**WHAT THE TASK REQUIRES**. From the data underneath, reproduce exactly the stretch that begins at the line with "Window Wall Calendar" and ends after the line with "Hermes Mini Kelly".

**DATA PROVIDED**.
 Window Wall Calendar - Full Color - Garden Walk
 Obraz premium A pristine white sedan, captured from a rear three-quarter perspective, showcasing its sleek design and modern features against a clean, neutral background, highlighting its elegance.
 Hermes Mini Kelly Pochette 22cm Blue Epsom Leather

---

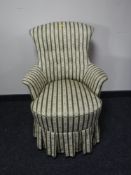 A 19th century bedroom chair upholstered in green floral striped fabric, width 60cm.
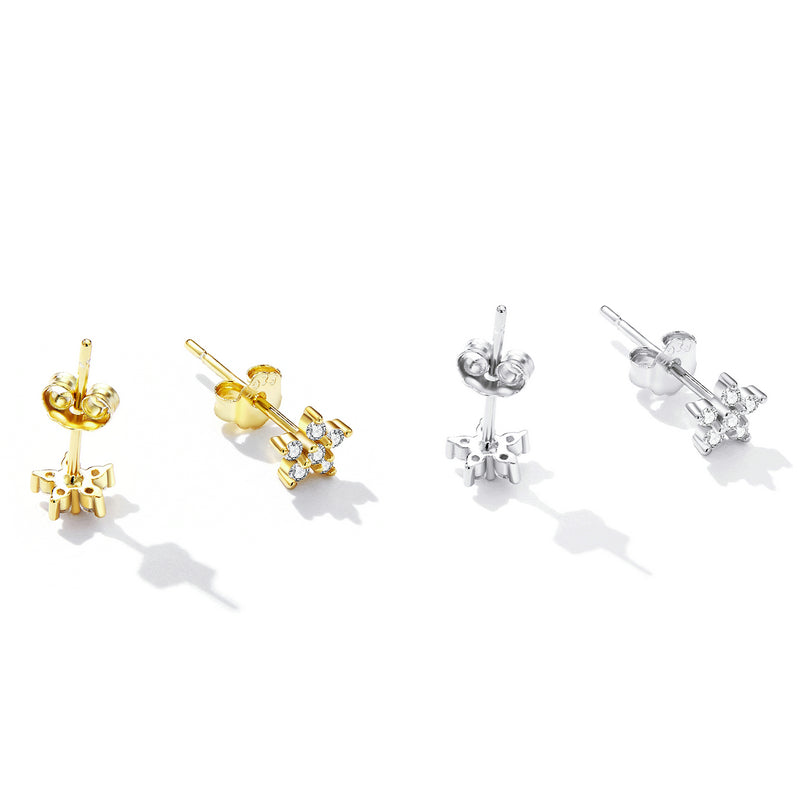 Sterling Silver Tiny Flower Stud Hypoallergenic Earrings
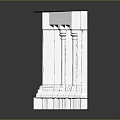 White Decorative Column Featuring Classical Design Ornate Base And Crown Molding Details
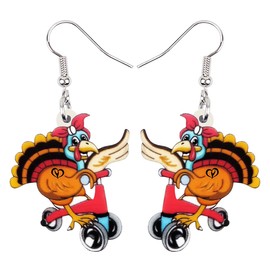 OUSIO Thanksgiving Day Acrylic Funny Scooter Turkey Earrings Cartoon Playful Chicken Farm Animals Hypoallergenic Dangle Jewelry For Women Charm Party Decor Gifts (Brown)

**WRITTEN ANSWER**.
 Window Wall Calendar - Full Color - Garden Walk
 Obraz premium A pristine white sedan, captured from a rear three-quarter perspective, showcasing its sleek design and modern features against a clean, neutral background, highlighting its elegance.
 Hermes Mini Kelly Pochette 22cm Blue Epsom Leather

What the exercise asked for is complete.